Records for the exercise:
==============================

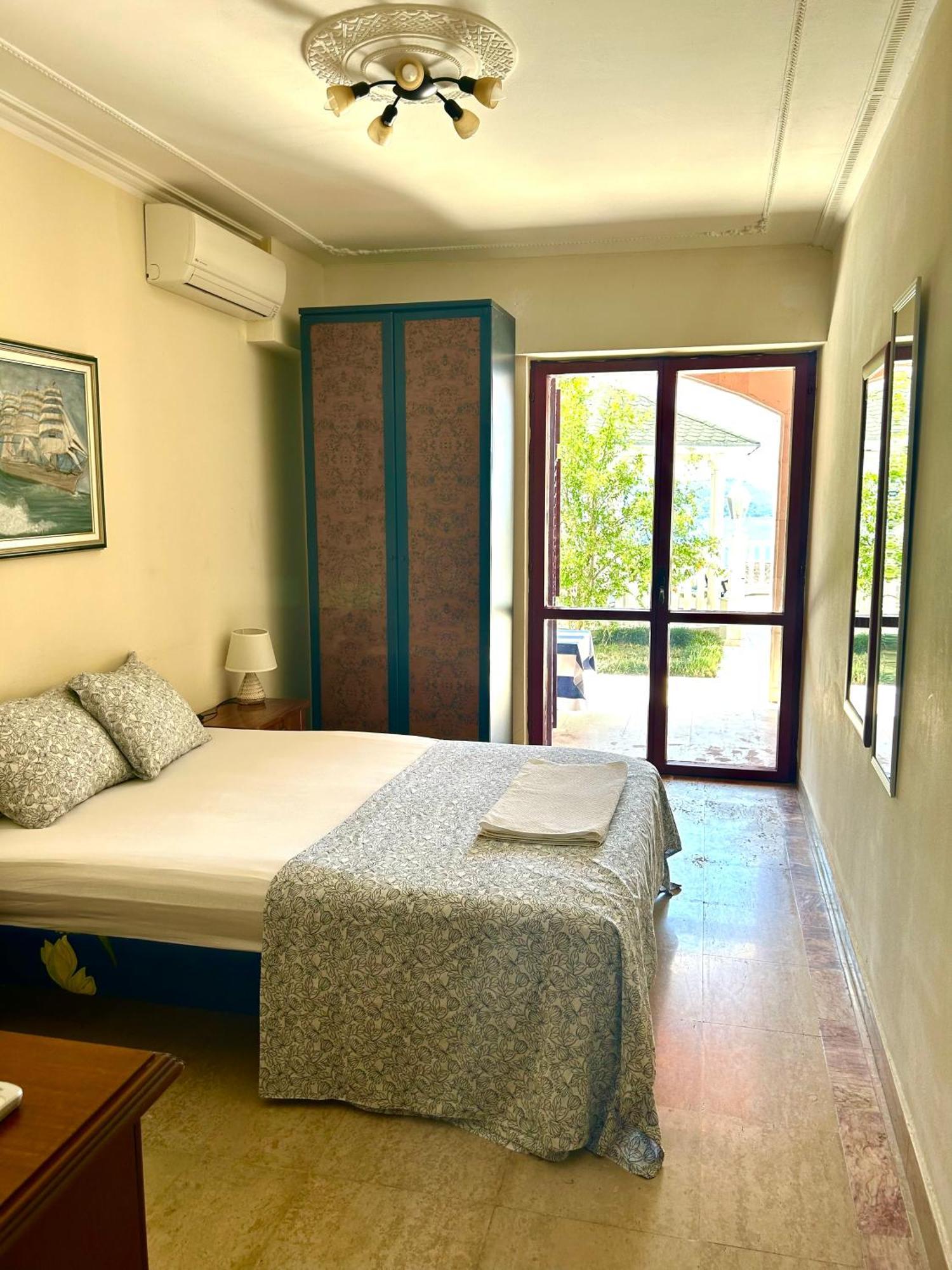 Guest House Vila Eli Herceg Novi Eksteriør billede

==============================

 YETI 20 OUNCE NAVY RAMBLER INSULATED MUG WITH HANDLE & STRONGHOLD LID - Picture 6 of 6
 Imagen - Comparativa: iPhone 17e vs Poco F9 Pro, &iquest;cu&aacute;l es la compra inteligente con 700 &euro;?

==============================

Exercise instructions:
Among the entries above, the lines between the ones containing "YETI 20 OUNCE" and "Imagen - Comparativa: iPhone", inclusive, are to be transcribed exactly. No other line is to be given.

Response area:
 YETI 20 OUNCE NAVY RAMBLER INSULATED MUG WITH HANDLE & STRONGHOLD LID - Picture 6 of 6
 Imagen - Comparativa: iPhone 17e vs Poco F9 Pro, &iquest;cu&aacute;l es la compra inteligente con 700 &euro;?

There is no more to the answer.